Apple products can be found in the remotest areas of the world. The logo on this boys' cap however, is a fake.
Article AS news
The Apple tax avoidance scandal and the Federal Council's draft Law on Country-by-Country Reporting show that there is no way around publicly accessible corporate reporting by multinational corporations.

Corporate profit shifting to tax havens by multinationals is wreaking havoc in the global South. To maximize returns from commodities mined in Africa and from the sale of their products, corporations shift earnings from their subsidiaries in the global South to their branches or business offices in low-tax areas. In this way they pay just a fraction of the taxes for which they would normally be liable in the countries where most of their business activities in fact take place. This is done through what is known as transfer pricing manipulation: when two subsidiaries in a corporation sell goods or services to each another, the group's management must set the prices, which should really reflect fair market value. Where market prices are not taken as a reference, corporate managers often arbitrarily set exorbitant transfer prices, in this way shifting profits from a "high-tax country" to a low-tax area.

OECD countries keen to keep it among themselves

The latest example of such corporate tax avoidance came recently from Apple (see below). With a view to halting such tax evasion, the international tax justice movement has been militating since 2002 for the introduction of Public Country-By-Country Reporting (CbCR) for multinational corporations. This could be instrumental in the future in unmasking corporate tax avoidance constructs like the one involved in the current case of Apple. Introducing CbCR at the international level is, after all, one of the cornerstones of the project unveiled by the OECD a year ago to combat tax avoidance by multinationals, called Base Erosion and Profit Shifting (BEPS). The problem is that OECD countries do not favour public country-by-country reporting but instead wish to limit BEPS to automatic exchange of information between tax authorities. Developing countries will not be able to benefit under this scheme, even though the International Monetary Fund estimated in 2014  that profit shifting by corporations is costing the global South over USD 200 billion in lost tax revenue every year.

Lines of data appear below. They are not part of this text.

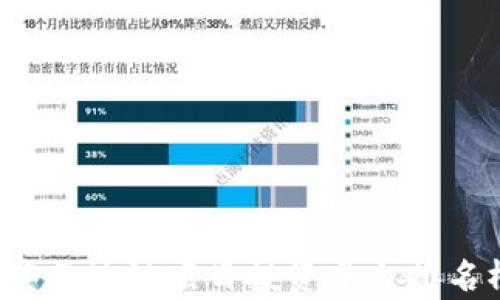 
2023年度区块链项目投资平台排名榜单分析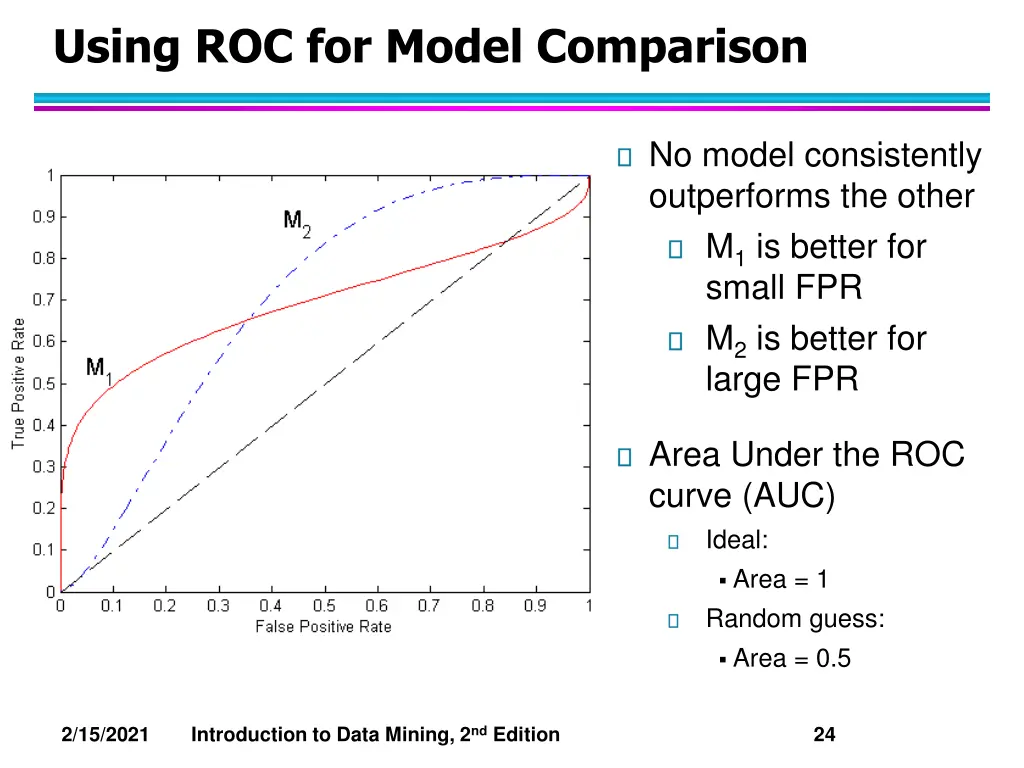 using roc for model comparison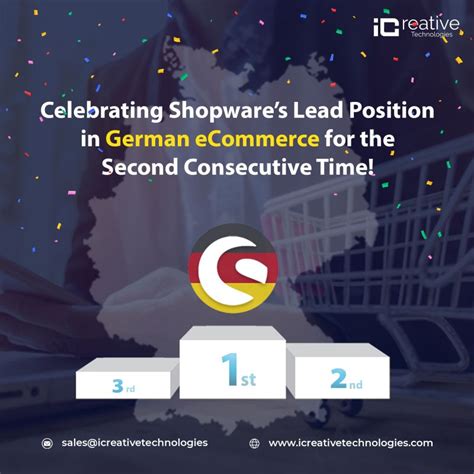 iCreative Technologies on LinkedIn: #icreative #shopware #ecommerce # ...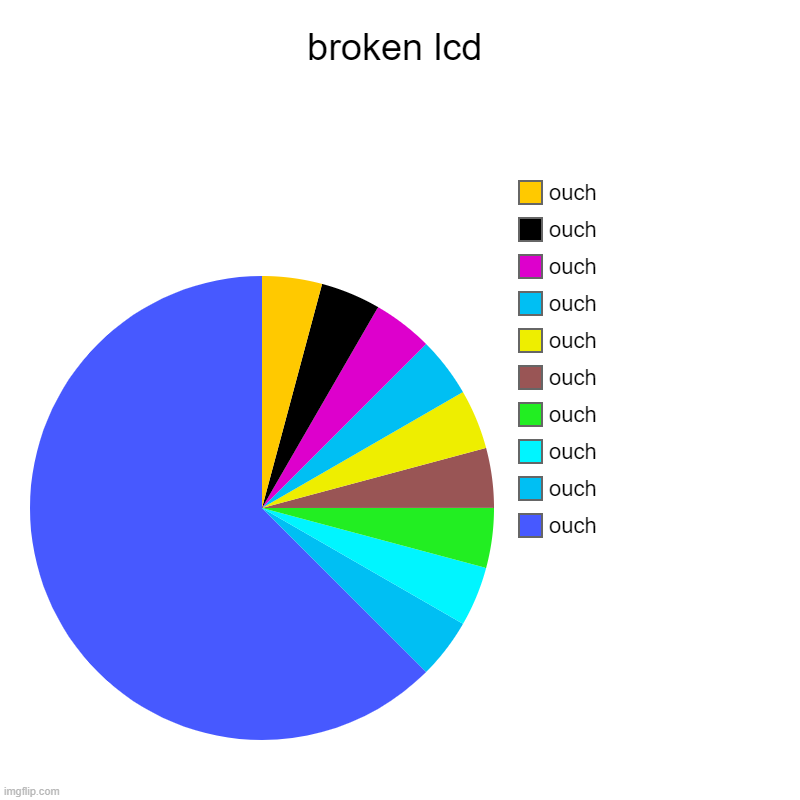 i need a new lcd | broken lcd | ouch, ouch, ouch, ouch, ouch, ouch, ouch, ouch, ouch, ouch | image tagged in charts,pie charts | made w/ Imgflip chart maker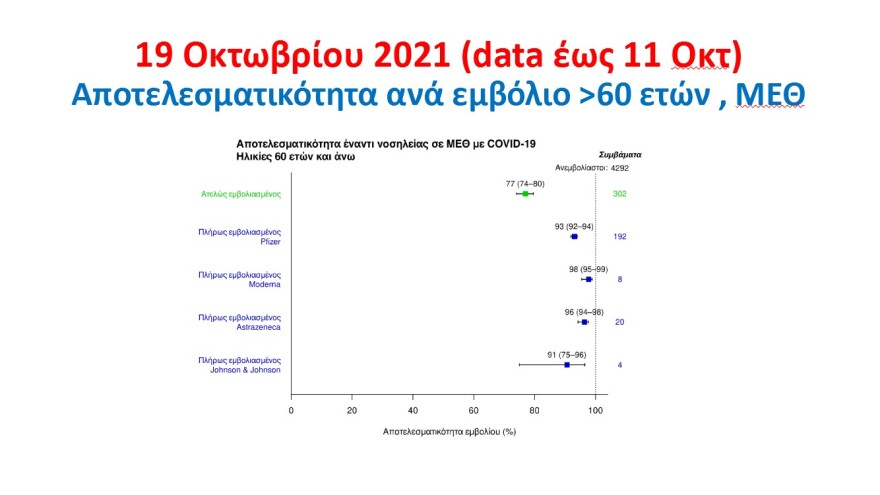 Κορωνοϊός - Τσιόδρας: Με τα εμβόλια έχουμε αποφύγει  8.400 θανάτους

Federal Council not assuming its responsibility

As a tax haven for multinational corporations, Switzerland is as much loved as Ireland, whose special tax regime was being exploited by Apple. But apparently the Federal Council has not yet understood the special responsibility that consequently falls to Switzerland in building a sustainable global tax system. The draft of the Swiss Federal Act on the International Automatic Exchange of Country-by-Country Reports of Multinationals (the “ALBA-Gesetz”), which was tabled in the spring and designed to implement the OECD guidelines in Switzerland, still lags far behind the standards suggested by the OECD. Hence, the threshold of a CHF 900-million turnover set by the Federal Council as the trigger point for the submission of country-by-country reports does indeed roughly match the OECD level, but releases "small corporations" from the duty of submitting country-by-country reports to the federal tax administration. Yet it is precisely the taxes payable by small multinationals that are so crucially important to developing countries. Because the tax base of poor countries is a fraction of that of Switzerland, the threshold in this instance should be about 15 times lower, so as to effectively limit the harm to tax authorities in developing countries. Furthermore, the Federal Council is reluctant to request master and local files from multinational corporations active in Switzerland. This means that while it does meet the absolute minimum OECD requirements, it is also considerably reducing the informative value of transfer pricing documentation from multinational corporations with head offices in Switzerland. Even if Switzerland were to share information with the tax authorities of individual developing countries, those authorities would still lack the necessary overview of the specific transfer pricing risks associated with the Swiss corporation operating a subsidiary in their country.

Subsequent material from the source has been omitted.